> **Description of the task**
The output should be every line below, retyped exactly, with no images.

> **Information provided**
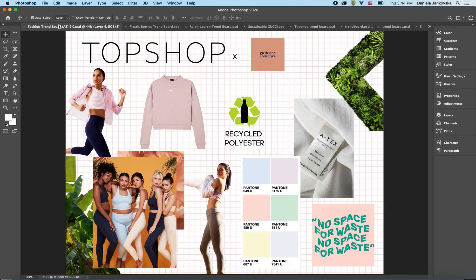Trend boards are often referred to as mood boards — the terms can be used interchangeably. They are extremely useful for establishing the aesthetic feel of a company, what it stands for, its branded identity, and the multiple channels through which it serves customers. This is a great opportunity to explore many different styles, from photography styles to color palettes, typography, patterns, and the overall look and feel of the brand.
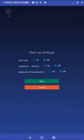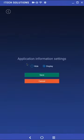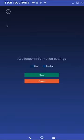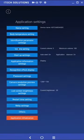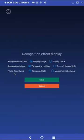In the application information settings menu is where we can choose to hide or show the blue information bar on the bottom of the main screen. Setting this to hide will no longer display the information bar. Inside the recognition effect display menu there are three options: recognition success, recognition failure, and photo flood lamp. Changing recognition success to display name will no longer show the registered user their picture upon check-in.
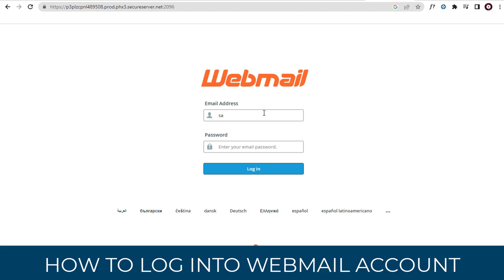In the first field, we need to type the full website email account. And in the second field, we need to type the password of the website email account.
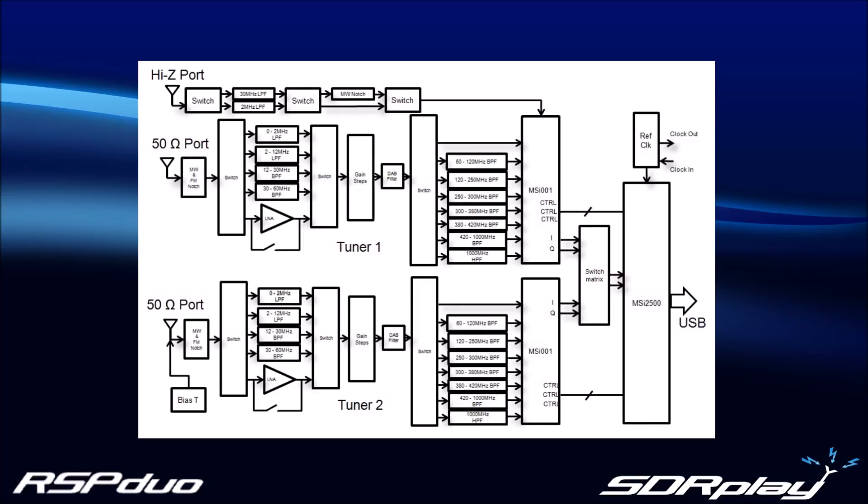The ADCs have 14-bit resolution, and the RSP Duo also has a completely redesigned RF front end for excellent noise and significantly improved intermodulation performance. There are 11 pre-selection filters, plus medium-wave FM and DAB notch filters.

> **Answer for this exercise**
Trend boards are often referred to as mood boards — the terms can be used interchangeably. They are extremely useful for establishing the aesthetic feel of a company, what it stands for, its branded identity, and the multiple channels through which it serves customers. This is a great opportunity to explore many different styles, from photography styles to color palettes, typography, patterns, and the overall look and feel of the brand.
In the application information settings menu is where we can choose to hide or show the blue information bar on the bottom of the main screen. Setting this to hide will no longer display the information bar. Inside the recognition effect display menu there are three options: recognition success, recognition failure, and photo flood lamp. Changing recognition success to display name will no longer show the registered user their picture upon check-in.
In the first field, we need to type the full website email account. And in the second field, we need to type the password of the website email account.
The ADCs have 14-bit resolution, and the RSP Duo also has a completely redesigned RF front end for excellent noise and significantly improved intermodulation performance. There are 11 pre-selection filters, plus medium-wave FM and DAB notch filters.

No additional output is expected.